All lines from the one containing "Loft petites light" through the end of the material below are to be printed exactly, both ends included, minus pictures.

* _SOURCE MATERIAL_
========
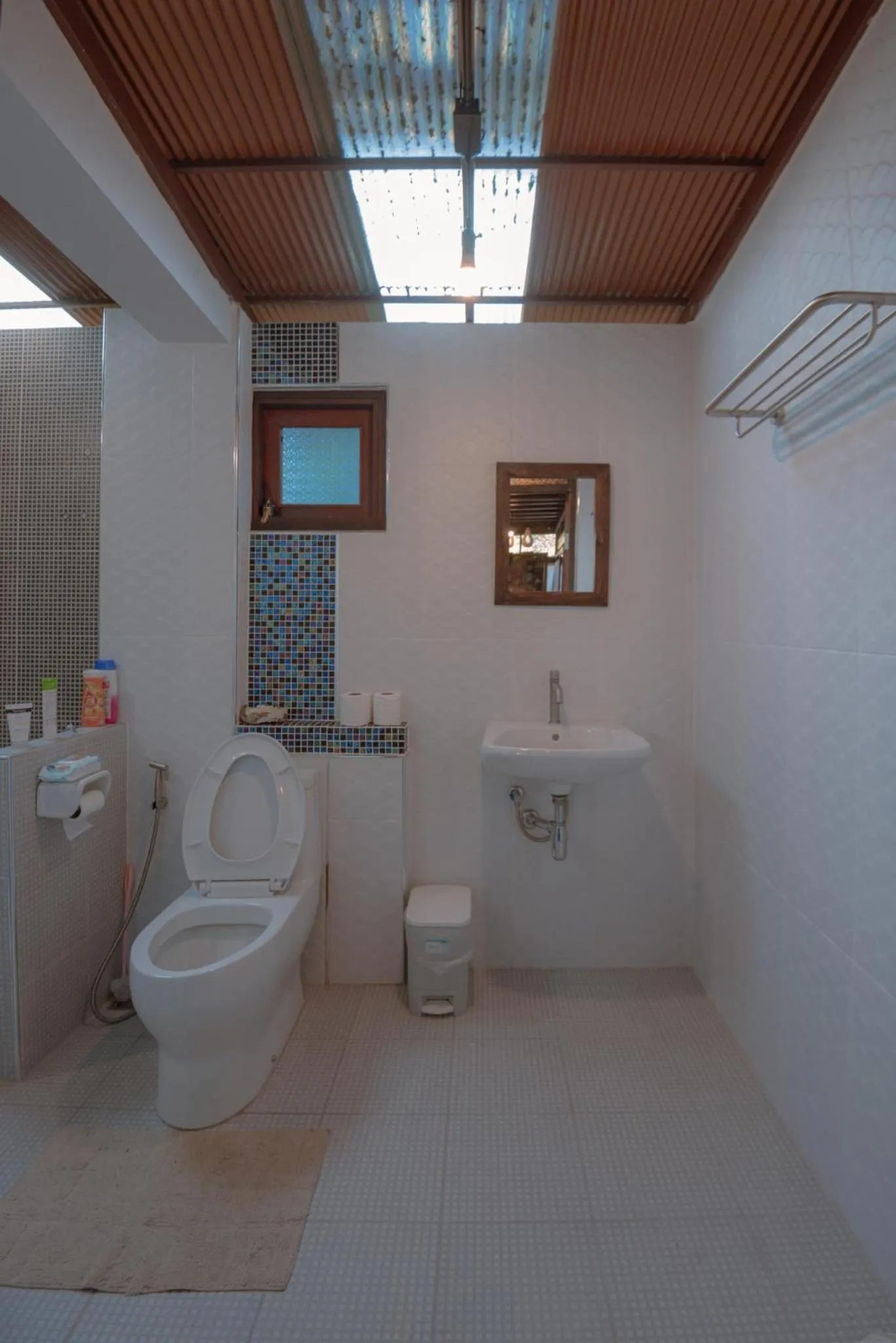 Toilet in Lanna Localstay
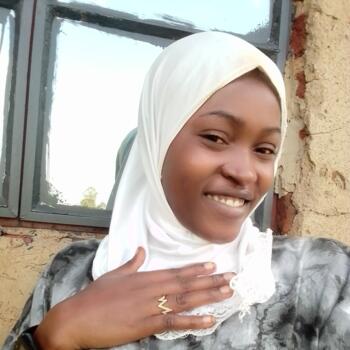 Babysitter in Kampala: Hussnah
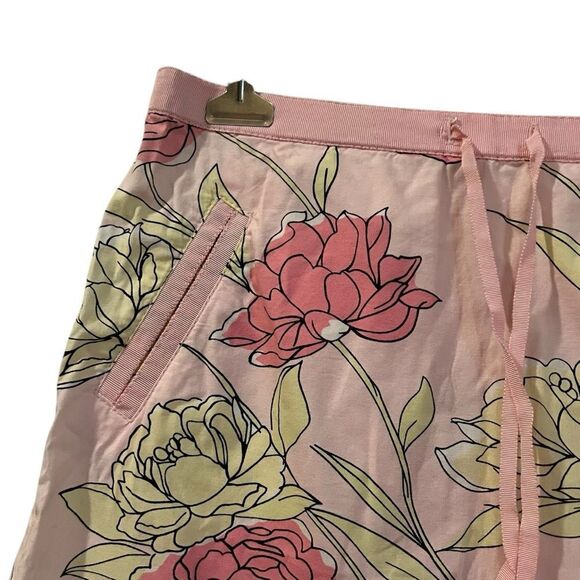Loft petites light pink floral mini skirt. - Picture 2 of 8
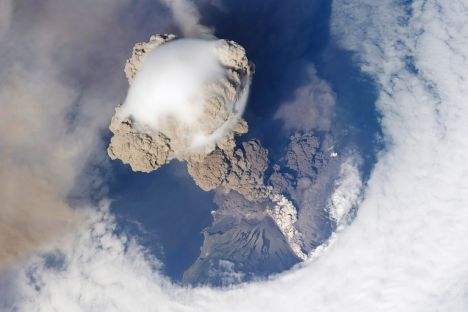 Il vulcano Sarycheva a Sakhalin è uno dei più attivi della Russia. L'ultima eruzione risale al 2009 (Foto: Lori / Legion Media)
========
* _TASK RESULT_
Loft petites light pink floral mini skirt. - Picture 2 of 8
 Il vulcano Sarycheva a Sakhalin è uno dei più attivi della Russia. L'ultima eruzione risale al 2009 (Foto: Lori / Legion Media)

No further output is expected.